Now, calling this cheerful coffee salesclerk a “hero” might seem like a gross exaggeration to you; but I am dead serious about what I’m saying. Yes, I’m sure you agree with the Mishna in Pirkei Avot that we should greet people with a pleasant face; after all, that’s how our mothers raised us. But frankly, there’s a lot more than manners at stake here.
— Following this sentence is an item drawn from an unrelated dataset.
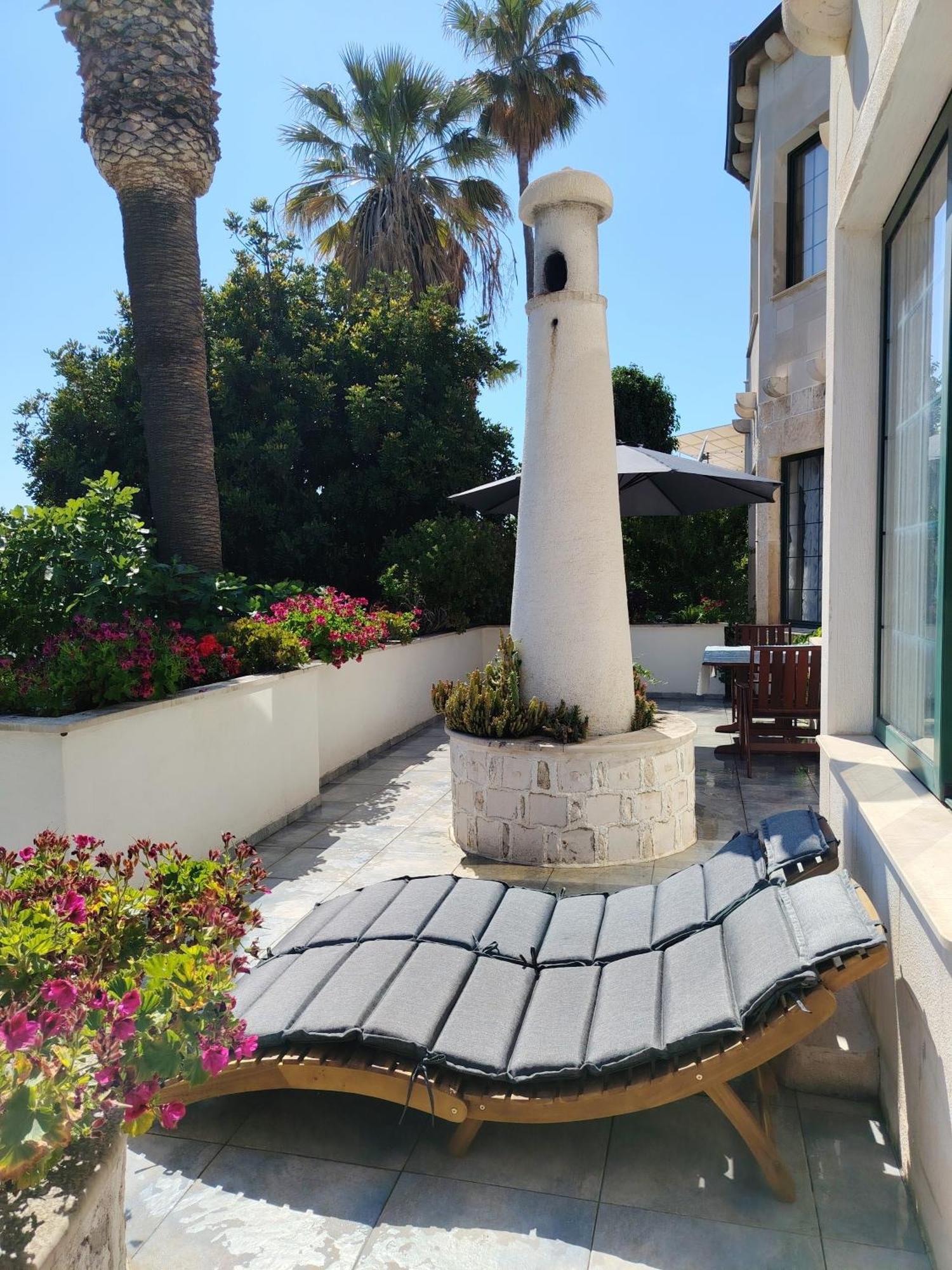 Apartments Villa Domus Marini ฮวาร์ ภายนอก รูปภาพ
Smiles are in short supply nowadays. People are far more busy and stressed than they were fifty years ago. (Why that is is a topic for another time). Socially, we are cut off from everyone except for those who are closest to us. True “neighbourhoods”, where people actually know their neighbours, no longer exist. Even in the suburbs, people are unable to name most of their neighbours; people may live next door to each other, but they aren’t next door neighbours. We have retreated into well insulated cocoons, entertained by the flickering screens of the electronic age, communicating virtually with virtually everyone, but truly knowing virtually no one. True community spirit, with a sense of being connected to those who surround us, has disappeared nearly everywhere.
Along with the collapse of community has come the collapse of civility. There’s simply no time to say hello; after all, we have to get down to business. People chatter away on cellphones while standing on line, and the polite banter of strangers only occurs when two people are simultaneously between calls. E-mail is even worse; the linguistic structure of e-mail has the ambience of firefighters shouting to each other during a four alarm fire. Greetings, even first names, are omitted, leaving only a blunt request, sometimes delivered in caps, demanding of us to “CALL JIM NOW”. Frankly, we are stretching the social fabric a bit too thin, and we are witnessing an epidemic of grumpiness.
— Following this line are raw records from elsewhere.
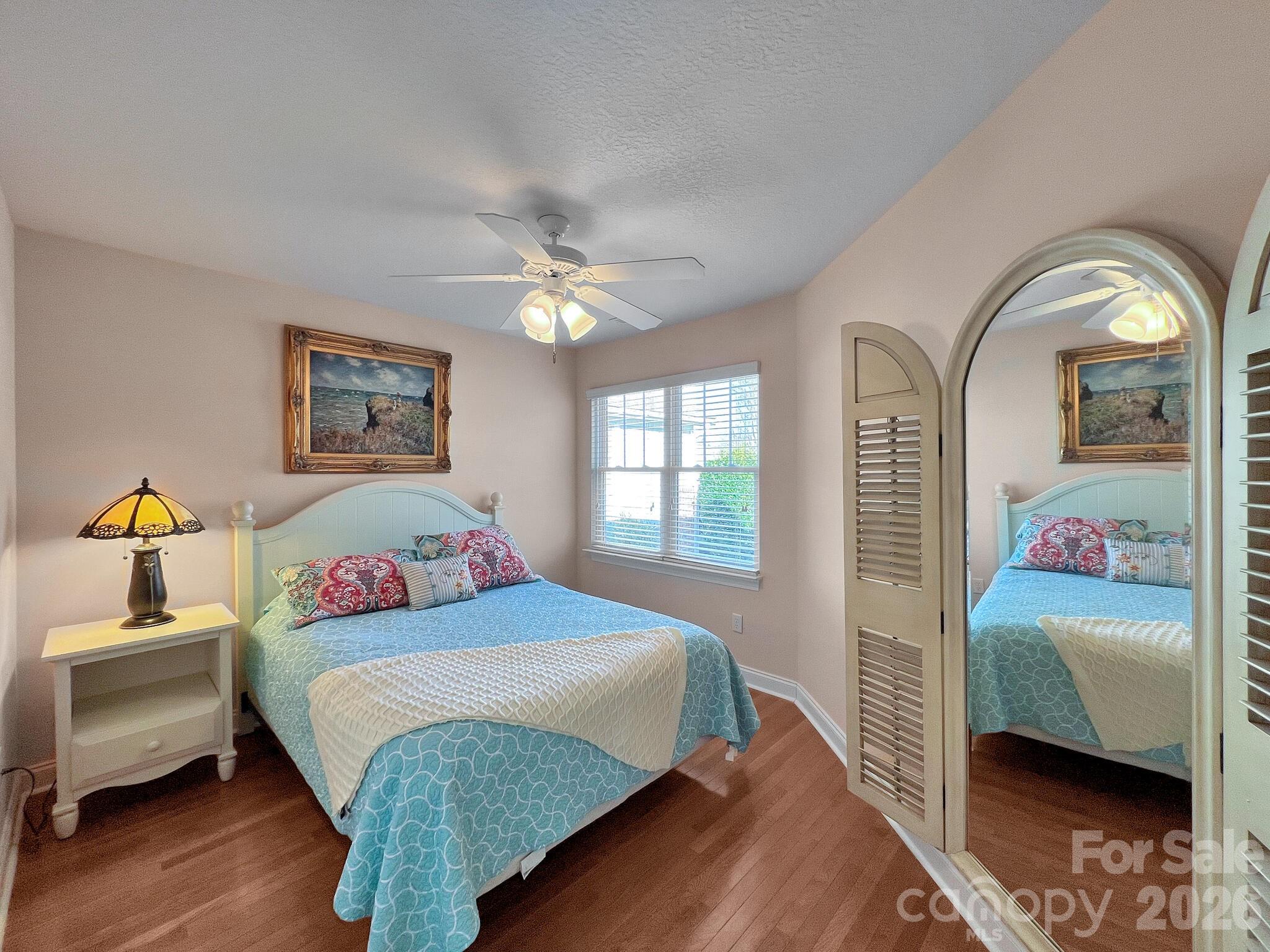 Fox Glen - Residential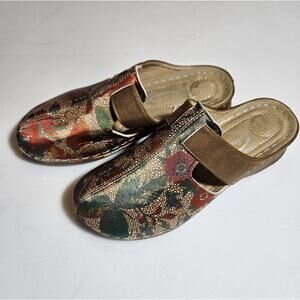 Atalina Women's Boho Cut-Out Comfort Clog Coral Print Size 7-1/2 Wide Width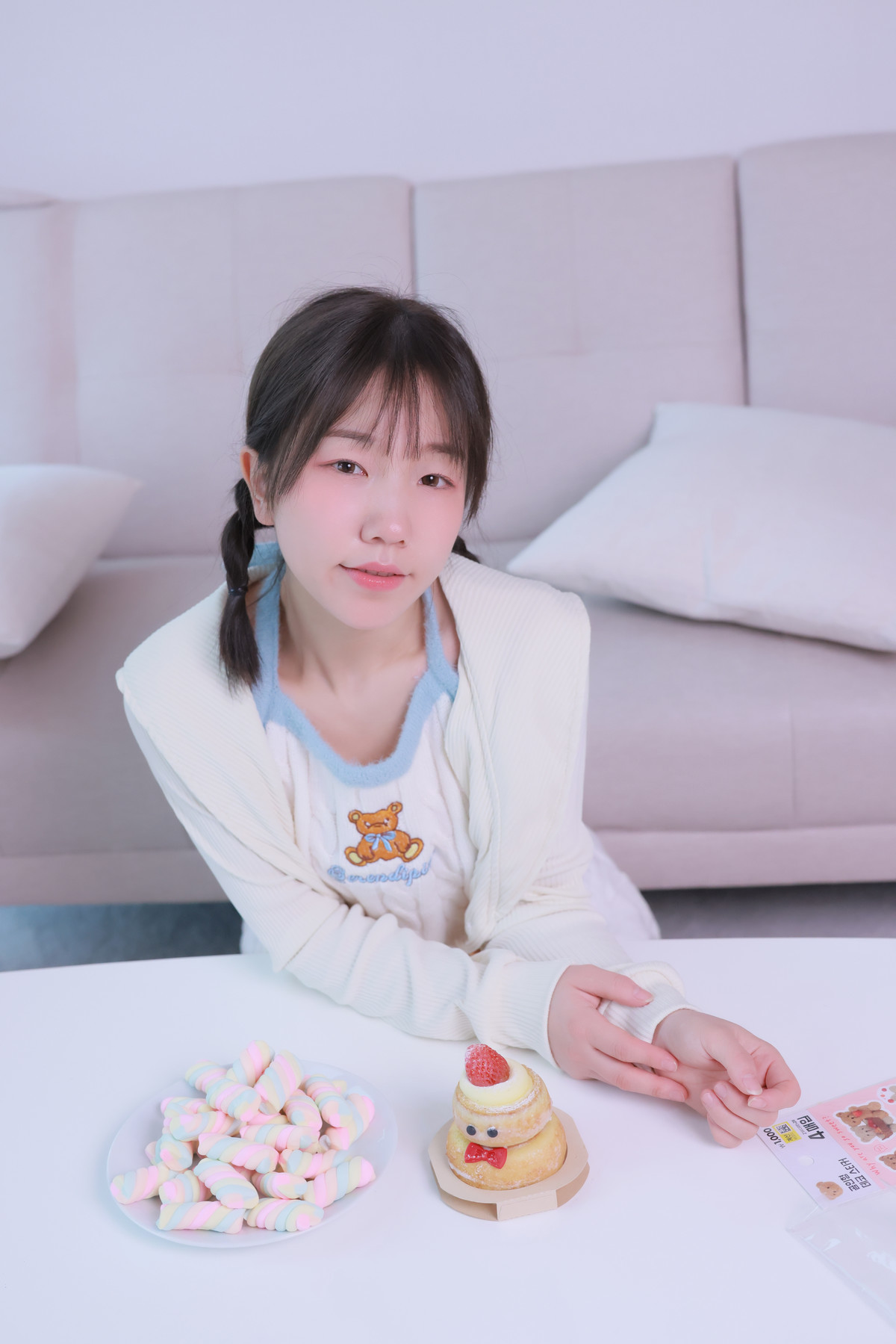 Han Yeri 한예리, [SWEETBOX] SWTB Vol.25 Set.02 1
And grumpiness makes a difference. I remember being stunned when a former Member of Parliament, discussing his life in politics, told me that at times legislation, even the course of governments, are deeply affected by the moods of the leaders. A Prime Minister arrives one morning in foul mood because he had a fight with his wife, and all of a sudden, initiatives are upended, ministers are demoted. Grumpiness is not just a mood; it can change history. And much like the famed “butterfly effect”, (that a butterfly flapping its wings can change to course of the weather) a simple lack of civility can have far reaching consequences as well.
And that’s why this barista is my hero. By putting a smile on the faces of her customers, she has pushed back against the impolite and impersonal. And with her cheerful countenance, she has made difference; after all, even one smile can create a hurricane of kindness.